In these games, it was also possible to punish players whose behavior you disliked by unilaterally causing money from their personal accounts to disappear at the end of the round. In this way, if you didn’t like how much any individual player contributed to the common good, you could fine them. Of course, you could also fine group members for any other reason that pleased you, too—for instance, if you were just angry that they had previously punished you.

 

The researchers found that the punishment of free-riders was quite prevalent in most of the groups, which supports the idea that people do possess an instinct to punish non-cooperators. But the researchers also found that in many of the four-person games, people were also quite willing to punish other group members who had punished them in previous rounds. This is revenge at its finest: Someone just punished you for your failure to cooperate with the group, so when you get the chance, you harm them back. Thus, the “anti-social” in “anti-social punishment.”

 

The frequency with which people use anti-social punishment varies in lawful ways across societies. Herrmann and his colleagues used previously published data to develop two measures of the characteristics of the societies from which their players were drawn.
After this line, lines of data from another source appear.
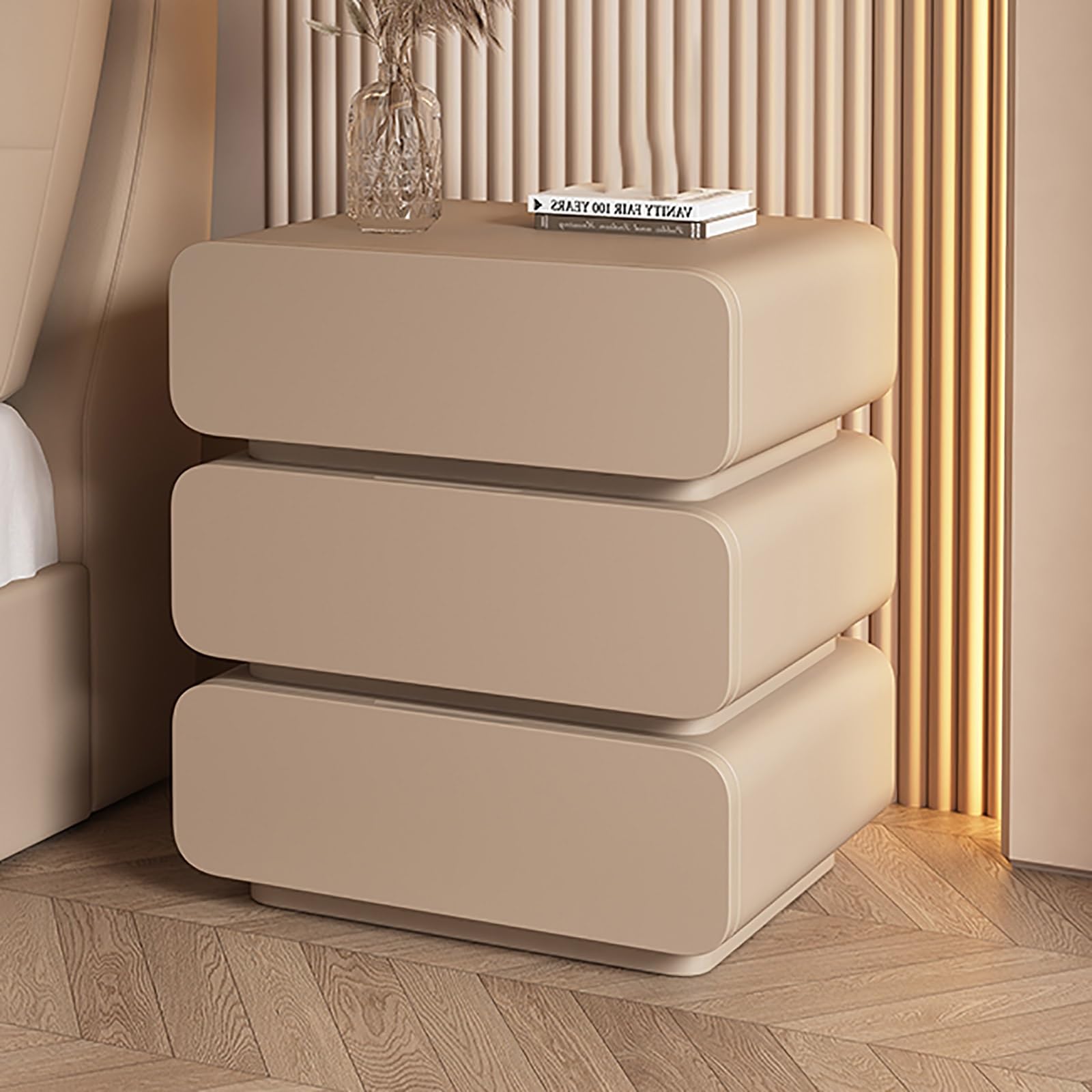 SXZenSpace Wooden Nightstand with 3 Drawers Hidden Handle SpaceSaving Storage Cabinet Ideal for Bedroom Living Room or Office (Khaki 50cm)
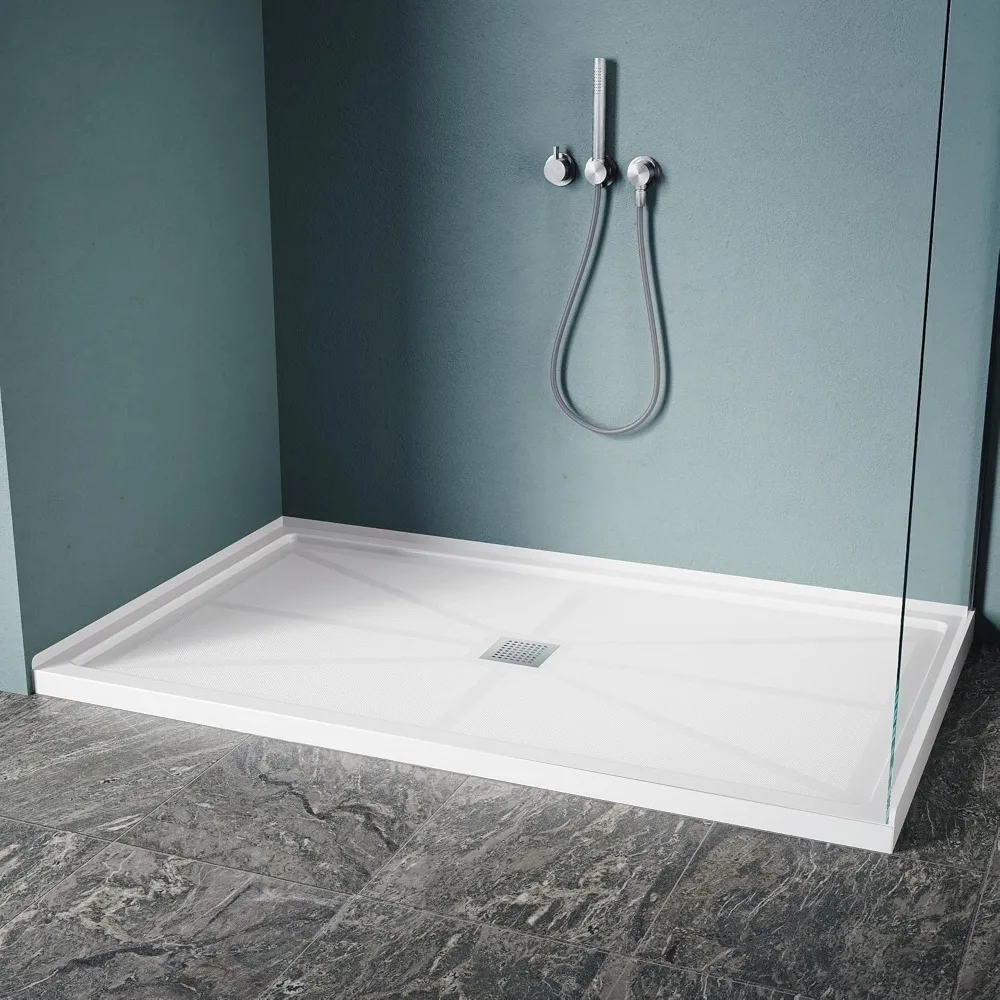 

Shower Base, Single Threshold Shower Pan 60'' L X 36'' W X 4'' H , Center Drain, Non-Slip Stainless Steel Shower Base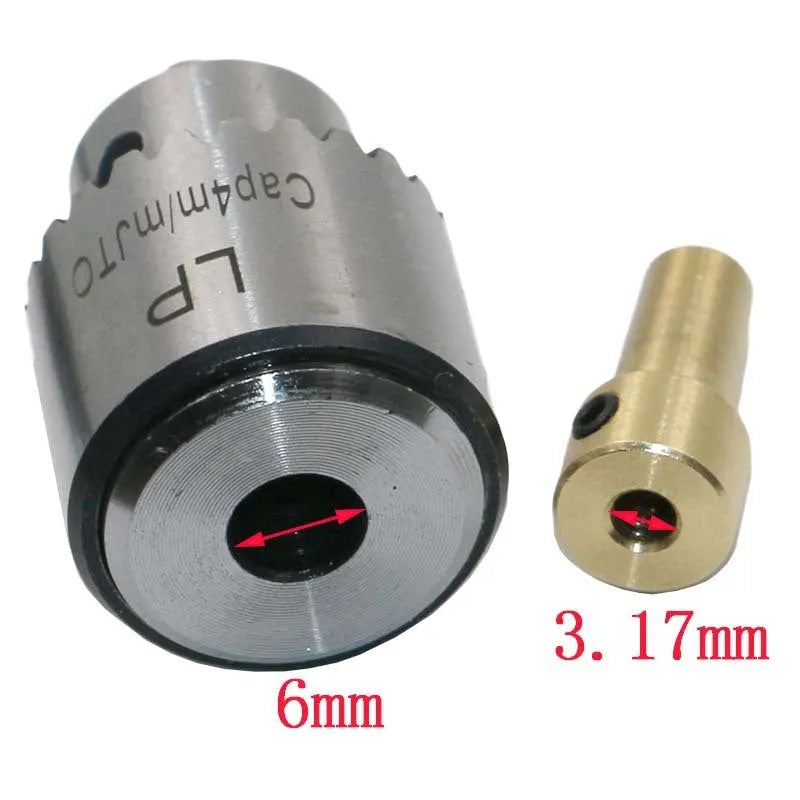 Four hard alloy drill chucks with sleeve attachments and 3.17mm tail holes for electric drills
The first measure was a “rule of law” measure that indexed the extent to which people within those societies have confidence in the rules of the society and the extent to which crimes and contract violations are published by governmental authorities. The second measure was a measure of civic cooperation, which includes information regarding tolerance for tax evasion, fraud, and, literally—“free riding,” for example, evading the fares required to use public transport.

 

The amount of antisocial punishment that the four-person groups manifested was directly related to the norms of civic cooperation and confidence in the rule of law within their societies. In societies in which people did not endorse very high norms for civic cooperation (Minsk and Athens, for example), and in which people’s confidence in the rule of law was low (Athens, Istanbul, and Riyadh, for example), the university students used more antisocial punishment. So even when people live in modern states—and remember, we’re talking about middle- and upper-class university students here--they nevertheless continue use revenge to deal with their resentments, especially when their faith in state institutions such as the rule of law and norms of civic cooperation is low.

 

In light of the Herrmann et al. paper on antisocial punishment, it really comes as no surprise to me that Diamond’s friend Daniel found personal revenge so enticing as a way of dealing with his uncle’s murder. Sure, Daniel lived in a “state,” but it was a young state, and tribal ways of thinking die hard. Most people around the world live in states today. But even for those who do, it can be very difficult to completely exorcise the old tribal psychology—especially for those who don’t feel very bonded to their state institutions or who don’t feel like the state is working very well. When state psychology is weak, tribal psychology becomes strong again. And when that happens, people become less willing to submit to the common good, and therefore, they take matters into their own hands when they feel angry.

 

Most of us wouldn’t actually follow through with avenging the murder of an uncle as Diamond’s friend Daniel did, even if we were tempted to. Instead, most of us would turn the matter over to the police and the courts, and hope that justice would be served. But our attachments to this way of handling our grievances may only be as strong as (a) our confidence that the state has the ability to redress our grievances for us, and (b) our willingness to be part of a society that handles its grievances in this way. Taking matters into our own hands is the old and time-tested way of doing things. It is state psychology that allows us to behave differently, and state psychology can be easily disrupted when people stop trusting in the state’s effectiveness. It’s really a bit scary to think about just how much is riding on “state psychology,” and just how fragile that way of thinking might be.